China plane crash rescuers find charred personal belongings

Rescuers at the site of a plane crash in southern China found burnt wreckage and personal belongings of those on board, but no sign of any survivors.

China Eastern flight MU5735 was carrying 132 people when it nosedived 30,000ft into hills in Guangxi.

The cause of the Boeing 737-800’s crash is being investigated. Recovery work has been hampered by difficult terrain.

There has been an outpouring of grief in China, where families of those on board are waiting anxiously for news.

Although the search for survivors is continuing, there has been no word of anyone found alive, while neither local media nor the authorities have reported any finding of human remains.

Hundreds of responders have been sent to the crash site in Wuzhou to scour the steeply forested slopes where debris from the crash was strewn.

Rescuers have so far found parts of the 737’s wreckage. State broadcasters showed images of the charred remains of letters, bags, wallets and identity cards belonging to those on board.

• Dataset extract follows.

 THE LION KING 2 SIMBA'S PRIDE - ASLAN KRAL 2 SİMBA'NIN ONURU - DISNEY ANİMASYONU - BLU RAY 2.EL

Plane debris is seen at the site where a China Eastern Airlines Boeing 737-800 plane flying from Kunming to Guangzhou crashed, in Wuzhou, Guangxi Zhuang Autonomous Region.

Meanwhile, the families and friends of the 123 passengers and nine crew have gathered at each end of the flight – with relatives visiting China Eastern’s offices in Yunnan province and waiting at Guangzhou International Airport.

The China Eastern Airlines flight from Kunming, the capital of Yunnan, had been due to land in Guangzhou on Monday afternoon.

China Eastern has grounded all its Boeing 737-800s and set up a hotline for people seeking information on those on board.

Authorities have yet to identify passengers and crew members, but some relatives have spoken to local media or shared their grief online.

One woman reported the loss of her newly-wed husband on her WeChat account. Her earlier posts included videos of the couple’s holiday trips.

Other passengers included a group of six people, one of them a teenager, who were on their way to Guangzhou to attend a funeral, a local newspaper reported.

Another woman interviewed said her sister and close friends were part of that group, adding that she had also been booked on the flight, but ended up switching to an earlier plane.

“I feel very anguished,” she told Jiemian News.

Reuters quoted a man at the airport who said he was the colleague of a passenger named Mr Tan.

After confirming that Mr Tan was on board, he had to break the news to Mr Tan’s family. “They were sobbing. His mother couldn’t believe this had happened,” he told the news agency. “Her boy was only 29 years old.”

He added that arrangements were being made by the airline to bring families to the crash site in Wuzhou.

Pictures show distraught families waiting in a cordoned-off area at Guangzhou airport, being assisted by airline staff.

One unverified clip circulating widely on Chinese social media shows a man slumped in his seat crying and lamenting the loss of his three children who were on the flight.